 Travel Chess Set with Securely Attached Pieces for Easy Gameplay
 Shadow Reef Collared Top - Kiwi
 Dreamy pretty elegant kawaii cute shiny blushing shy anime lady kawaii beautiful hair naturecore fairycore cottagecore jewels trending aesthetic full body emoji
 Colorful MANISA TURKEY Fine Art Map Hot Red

==

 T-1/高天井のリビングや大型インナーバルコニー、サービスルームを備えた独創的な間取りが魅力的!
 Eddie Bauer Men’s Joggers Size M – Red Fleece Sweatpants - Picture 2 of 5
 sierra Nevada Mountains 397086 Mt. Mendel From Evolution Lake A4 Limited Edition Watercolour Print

* * *

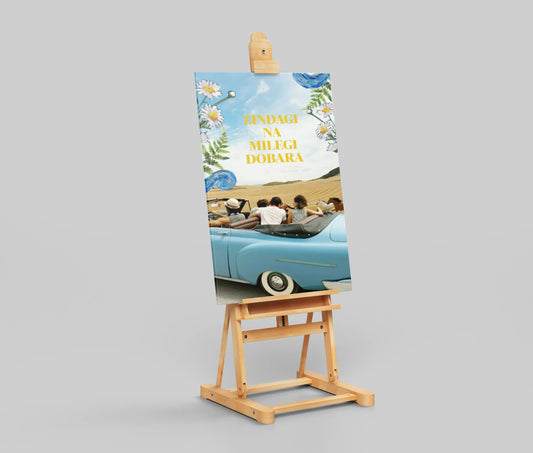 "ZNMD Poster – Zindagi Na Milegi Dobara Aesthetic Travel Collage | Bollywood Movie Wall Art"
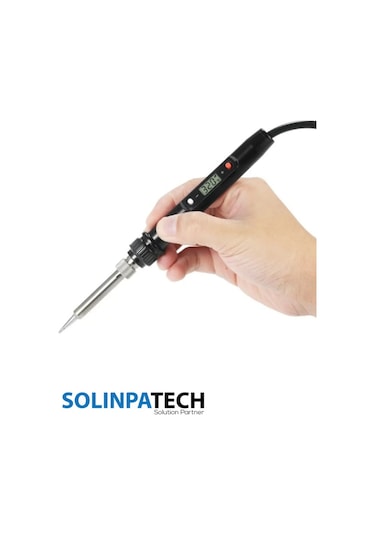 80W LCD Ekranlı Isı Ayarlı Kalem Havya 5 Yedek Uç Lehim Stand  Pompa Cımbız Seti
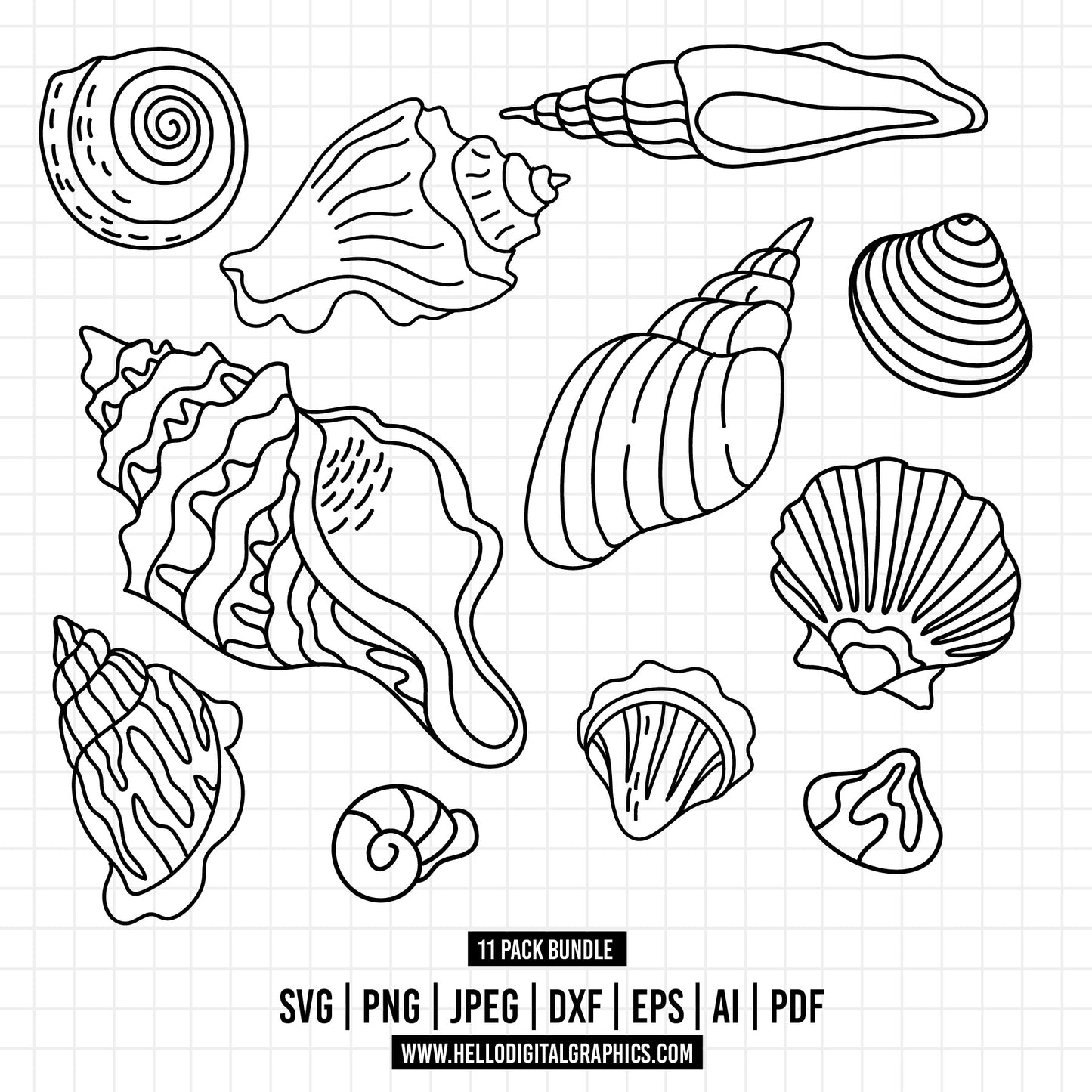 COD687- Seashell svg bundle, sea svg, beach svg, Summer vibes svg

**PROBLEM TO SOLVE**
In the listing above, find the line holding "Poster – Zindagi" and the line holding "COD687- Seashell svg". Reproduce those two lines and all between them exactly, leaving out pictures.

**REPLY**
 "ZNMD Poster – Zindagi Na Milegi Dobara Aesthetic Travel Collage | Bollywood Movie Wall Art"
 80W LCD Ekranlı Isı Ayarlı Kalem Havya 5 Yedek Uç Lehim Stand  Pompa Cımbız Seti
 COD687- Seashell svg bundle, sea svg, beach svg, Summer vibes svg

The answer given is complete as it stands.